Hilfreicher als eine konkrete Prognose und das Entwerfen eines wahrscheinlichen Szenarios kann es also sein, sich die richtigen Fragen zu stellen und dann über das Jahr hin zu beobachten, wie sich die Antworten auf diese Fragen entwickeln. Hier nun drei Fragen, die sich als zentral erweisen könnten. 

Frage Nr. 1: Setzt sich die US-Dollar-Abwertung fort?

Zu den wenigen Konstanten in der neuen Amtszeit von US-Präsident Trump gehört sein Versuch, den US-Dollar gegenüber anderen Währungen abzuwerten. Das soll Exporte aus den USA erleichtern, Importe durch höhere Preise für US-Bürgerinnen und US-Bürger bremsen und mehr Arbeitsplätze durch mehr in den USA gefertigte Produkte schaffen. So das Narrativ. Dazu hält Trump besonders den Druck auf die Fed aufrecht, möglichst zügig mit Zinssenkungsschritten voranzuschreiten. Die im Frühjahr 2026 anstehenden Personalentscheidungen , insbesondere zur Nachfolge von Jerome Powell, dürften den Druck noch verstärken.

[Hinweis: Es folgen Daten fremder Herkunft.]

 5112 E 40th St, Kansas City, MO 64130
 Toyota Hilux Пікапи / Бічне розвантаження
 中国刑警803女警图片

US-Dollar-Wechselkurs zum Euro: Weiterer Verfall voraus? (Grafik zum Download verfügbar)

-

Quelle: Statista / finanzen.net, Monatswerte bis November 2025, Stand: 3.12.2025

Bereits im Jahr 2025 erwies sich die Dollar-Abwertung gegenüber anderen Weltwährungen und insbesondere dem Euro von gut 11% seit Jahresbeginn1 als einer der wichtigsten Ergebnisfaktoren für Anlegerinnen und Anleger hierzulande. Denn eine solche Abwertung bedeutet auch, dass Kapitalanlagen in US-Dollar nominal deutlich mehr Rendite erbringen müssen, um in einem in Euro bewerteten Portfolio mit Anlagen ohne das US-Dollar-Währungsrisiko mitzuhalten.

Hauptchancen bei weiterer Dollar-Abwertung

Schwellenländer könnten besonderen Schub durch eine US-Dollar-Abwertung erhalten. Kredite in dieser Währung wären leichter zu tragen. Der Außenhandel in dieser Währung könnte weitere Impulse erhalten.

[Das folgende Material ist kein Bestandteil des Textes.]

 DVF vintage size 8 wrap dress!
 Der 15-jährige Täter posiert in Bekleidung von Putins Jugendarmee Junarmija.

Hauptrisiken bei weiterer Dollar-Abwertung

Euro-Investoren müssen ihre Portfolios überdenken. Entscheidend ist die Rendite von Investments in Euro – oder der Grad der Absicherung von Erträgen gegen die Wechselkursveränderungen. 
 

Frage Nr. 2: Wie geht es mit der Inflation weiter?

Im Mar-a-Lago-Accord , der „Blaupause“ von Trumps Wirtschaftspolitik in der zweiten Amtszeit, ist eine erhöhte Inflation zumindest zeitweise als tolerierte Begleiterscheinung des Programms vermerkt. Sie dürfte für die derzeitige (aber auch jede künftige) US-Regierung auch erforderlich sein, um angesichts hoher und weiter wachsender Staatsverschuldung die Last des Schuldendienstes zu reduzieren und den Staatshaushalt funktionsfähig zu halten.

USA: Bereits 2024 höchste Inflationsrate wichtiger Wirtschaftsnationen (Grafik zum Download verfügbar)

-

Inflationsrate in wichtigen Industrie- und Schwellenländern 2024. Quelle: Statista / IMF: „World Economic Outlook, October 2025“, Stand: 10/2025

Andere Zentralbanken könnten sich gezwungen sehen, der Fed zu folgen und ebenfalls rascher als vielleicht geplant die Leitzinsen zu senken, um die Wechselkurse auf einem für die eigene Wirtschaft verkraftbaren Niveau zu halten. Die Inflation würde damit aus den USA exportiert.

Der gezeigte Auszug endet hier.